Applied Math Seminar
Spring Quarter 2007
3:15 p.m.
Sloan Mathematics Corner
Building 380, Room 380-C


Friday, April 20, 2007

Gabriel Peyre
Ceremade, Universite Paris-Dauphine

Adaptive Sparse Representation of Geometric Textures


Abstract:

In this talk, I will show how adapted dictionaries can be trained to approximate and generate geometric texture patterns. I will restrict myself to two different approaches, namely bandlets dictionaries and dictionaries learned from data.

Bandlets dictionaries are well suited to approximate locally parallel textures that exhibit a strong anisotropy. Each basis is parameterized by a geometric flow that follows closely the texture patterns.
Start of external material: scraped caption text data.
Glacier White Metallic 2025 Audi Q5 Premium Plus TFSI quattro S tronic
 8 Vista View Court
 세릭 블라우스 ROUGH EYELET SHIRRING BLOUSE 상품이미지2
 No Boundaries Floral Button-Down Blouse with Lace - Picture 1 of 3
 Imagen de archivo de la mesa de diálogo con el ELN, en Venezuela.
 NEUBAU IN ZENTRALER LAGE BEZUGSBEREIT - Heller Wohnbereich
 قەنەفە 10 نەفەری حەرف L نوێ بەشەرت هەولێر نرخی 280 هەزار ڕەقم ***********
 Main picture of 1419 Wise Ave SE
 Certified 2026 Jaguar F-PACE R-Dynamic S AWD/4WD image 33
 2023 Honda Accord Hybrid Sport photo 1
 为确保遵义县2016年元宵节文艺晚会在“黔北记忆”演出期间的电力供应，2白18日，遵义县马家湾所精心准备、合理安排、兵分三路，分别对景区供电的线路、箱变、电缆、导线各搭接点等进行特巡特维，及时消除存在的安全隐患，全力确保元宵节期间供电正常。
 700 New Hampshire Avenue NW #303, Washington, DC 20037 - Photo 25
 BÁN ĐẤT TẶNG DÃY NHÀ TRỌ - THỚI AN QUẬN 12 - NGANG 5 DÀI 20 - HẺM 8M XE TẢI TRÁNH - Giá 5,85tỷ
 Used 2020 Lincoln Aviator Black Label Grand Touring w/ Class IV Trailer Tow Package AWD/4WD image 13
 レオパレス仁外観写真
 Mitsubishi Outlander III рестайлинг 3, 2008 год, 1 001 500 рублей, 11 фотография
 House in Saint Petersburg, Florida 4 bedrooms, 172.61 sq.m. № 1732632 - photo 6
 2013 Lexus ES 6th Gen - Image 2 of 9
The resulting basis vectors generate a tight frame of elongated atoms that can sparsify turbulent textures. A sparse modeling over a well chosen bandlet dictionary can be used for various tasks such as texture synthesis, compressed sensing decoding or morphological component separation.

Rather that using ad-hoc geometrical constraints for textures, one can try to infer the model from a set of exemplar input textures. A way to perform this modeling is to impose a sparsity assumption on the set of patches extracted from the texture. This sparsity can be optimized by learning a dictionary to optimally represent the input patches. The resulting model can smoothly interpolate between aggressive compression routinely used in computational harmonic analysis and realistic texture synthesis required by computer graphics applications. This texture model also finds applications in problems such as structure+texture decomposition or image inpainting.